Stars condense out of tenuous clouds of gas. The protostellar cloud collapses around a dense core made mostly of hydrogen, heating it until the hydrogen nuclei begin to fuse and heat up the star. Often, a single cloud gives birth to several stars simultaneously and the newborns pair off in a gravitational orbital dance.
The nearby companion can dramatically alter the fate of a smaller star. If the partners drift close enough, the gravitational pull of the more massive star will drag material off its neighbor. If they get too close, some theorists speculated, the larger star could skim off enough mass that nuclear fusion shuts down--snuffing the donor out like a candle. But because these extinguished stars have no internal power source, they don't shine brightly. Years of searching had failed to turn up a single example.

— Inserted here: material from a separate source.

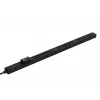 APC Easy Rack PDU, mērīts, 0U, 3 fāžu, 11kW, 230V, 16A, 21 x C13 un 3 x C19 ligzdas, IEC60309 3P+N+PE ieeja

But last fall, astronomers got lucky. The temporary dimming when matter stopped flowing between the stars in two binary systems--LL Andromedae and EF Eridani--gave their whittled down companions a brief chance to shine, reports a team led by astronomer Steve Howell of the Planetary Science Institute in Tucson, Arizona, in March in Astrophysical Journal Letters. The team glimpsed the faint glow of methane from LL Andromedae and steam from EF Eridani using the 3.8-meter United Kingdom Infrared Telescope (UKIRT) on Mauna Kea, Hawaii. The emissions indicated that the two stars are a chilly 1300° and 1650°C, respectively. "That is about what we predicted from our best guess about what these stars would look like," Howell says.
"These are weird objects," says Shrivanas Kulkarni, an astrophysicist at the California Institute of Technology in Pasadena. Kulkarni thinks that investigating these shuttered stars will reveal more about exoplanets, which are also bathed in the light of a companion star.